Jurying quilts for a travelling exhibition is an interesting and challenging task – previously I have judged for QQ; various affiliated groups and the Redcliffe Show. There is a difference between judging and jurying, and some overlaps too. When judging quilts, we are looking for excellence in all aspects of the work, and we are choosing the most outstanding pieces in order, i.e the best and the runners-up. With jurying for an exhibition, one must consider, naturally, those things but more importantly one is also looking at how the quilts will present as a whole, and how they will best reflect the intent of the exhibition – in this case, a comprehensive representation of 2QAQ work.
The mechanics of the process is fairly straightforward. The photos of the quilts, a detail of each along with an artist statement reflecting the artist’s intent and ideas to accompany each photo, were loaded on to a USB stick and posted to me. From the photos and statements my role was to choose suitable artworks that would showcase the work being produced by Queensland Quilters Art Quilters; works that would sit together well, showing artistic styles, techniques, originality, workmanship and diversity of subject. This was no easy task, and took time, believe me!
Photographs: Assessing work from photos is always going to be somewhat difficult, given that photos don’t always show the work in the best possible way unless photographed by a professional, so here is an important aspect – when entering, ensure that your photos are of the very best quality – we do need to enlarge the images to get a decent idea of the work, the colour needs to be true, without distortion or angulation, and the details must be sharp and clear. If they are well focused and well exposed, it makes the juror’s task so much easier. If you have difficulty achieving this, ask a photo minded friend to help out, or alternatively consider seeking professional help.
Here are some links for more information about photographing your work.
Textile Fibre Forum magazine: Photography for Textile Artists by Michael Jenkins Issue No 121, March 2016
www.textileartist.org/how-to-photograph-textile-art/ this article is short and to the point with an excellent short video accompanying it.
My notes on Reddy Arts Textile Group’s blog: go to https://reddyarts.wordpress.com/ and click on “Photographing Your Work” in the drop down list which appears if you hover the mouse over “Useful Info”.

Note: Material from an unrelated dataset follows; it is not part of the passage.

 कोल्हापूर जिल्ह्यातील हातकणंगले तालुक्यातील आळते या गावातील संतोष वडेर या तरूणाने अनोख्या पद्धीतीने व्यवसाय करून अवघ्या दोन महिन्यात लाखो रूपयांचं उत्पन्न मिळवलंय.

Your artist statements are important – consider carefully what you write and how you write it – not merely for the jurying process, as this statement is also used as a reference point for the viewers of your work. There were techniques and materials listed for each quilt which is also very helpful and possibly essential to know when we only have a selection of photos from which to choose. These – the artist statements and techniques – are usually posted next to the work when it is on exhibition, and it is worth considering providing a comprehensive list, when the work is going to be viewed by other quilters or textile artists. Art galleries on the other hand usually restrict the listings and statements to a word limit; sometimes the best we can do is say “textile” or “mixed media”. So it is worth noting these points if you are ever planning to exhibit your work as a body in an art gallery in the future.

So, the crucial question for you, I guess, is how do we decide which art quilts will be accepted?
This might be best answered in a dot point list of questions a juror might ask:
• What is the artwork saying and what is the artist’s intent? What does it say to me? Does this match what the artist is saying in the statement? Does that matter if it isn’t? Does it evoke an emotional or thoughtful response ..?

• How important is technical skill?
Paying attention to technical skills and design factors helps to keep the perspective and objectivity on track – and also need to be considered in conjunction with the emotiveness of the piece as these often contribute to its success.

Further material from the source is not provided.